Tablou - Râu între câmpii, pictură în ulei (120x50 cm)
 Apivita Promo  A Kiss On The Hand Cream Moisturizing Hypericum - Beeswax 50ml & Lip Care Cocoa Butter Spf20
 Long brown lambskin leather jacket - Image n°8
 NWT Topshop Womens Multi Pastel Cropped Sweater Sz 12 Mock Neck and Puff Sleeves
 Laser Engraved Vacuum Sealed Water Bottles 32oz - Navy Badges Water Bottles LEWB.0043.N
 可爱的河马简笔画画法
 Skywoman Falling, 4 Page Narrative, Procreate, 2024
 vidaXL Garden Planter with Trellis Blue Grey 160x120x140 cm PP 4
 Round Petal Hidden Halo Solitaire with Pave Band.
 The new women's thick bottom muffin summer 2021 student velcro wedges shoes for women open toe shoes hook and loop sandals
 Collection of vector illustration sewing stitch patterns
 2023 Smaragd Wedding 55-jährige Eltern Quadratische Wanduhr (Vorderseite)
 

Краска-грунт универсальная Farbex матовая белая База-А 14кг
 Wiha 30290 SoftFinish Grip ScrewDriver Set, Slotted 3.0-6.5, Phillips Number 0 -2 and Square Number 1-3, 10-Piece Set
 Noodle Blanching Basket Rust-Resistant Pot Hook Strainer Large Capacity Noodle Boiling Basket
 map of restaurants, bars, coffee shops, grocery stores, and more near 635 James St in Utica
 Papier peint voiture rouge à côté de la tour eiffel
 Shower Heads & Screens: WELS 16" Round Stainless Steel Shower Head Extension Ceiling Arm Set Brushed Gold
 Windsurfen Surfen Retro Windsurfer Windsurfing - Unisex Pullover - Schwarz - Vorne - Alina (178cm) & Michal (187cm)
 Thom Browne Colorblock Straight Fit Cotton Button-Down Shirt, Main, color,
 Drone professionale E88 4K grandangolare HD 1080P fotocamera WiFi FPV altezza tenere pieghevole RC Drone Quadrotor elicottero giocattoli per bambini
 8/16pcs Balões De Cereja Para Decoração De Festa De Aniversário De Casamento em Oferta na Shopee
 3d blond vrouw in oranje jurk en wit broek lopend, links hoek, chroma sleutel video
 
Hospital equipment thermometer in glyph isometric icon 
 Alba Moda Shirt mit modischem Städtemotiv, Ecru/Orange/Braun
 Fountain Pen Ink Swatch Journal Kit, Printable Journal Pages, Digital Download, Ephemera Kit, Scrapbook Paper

**What the task asks**
Search the material above for the string "with", and copy every line in which it turns up.

**Task result**
 vidaXL Garden Planter with Trellis Blue Grey 160x120x140 cm PP 4
 Round Petal Hidden Halo Solitaire with Pave Band.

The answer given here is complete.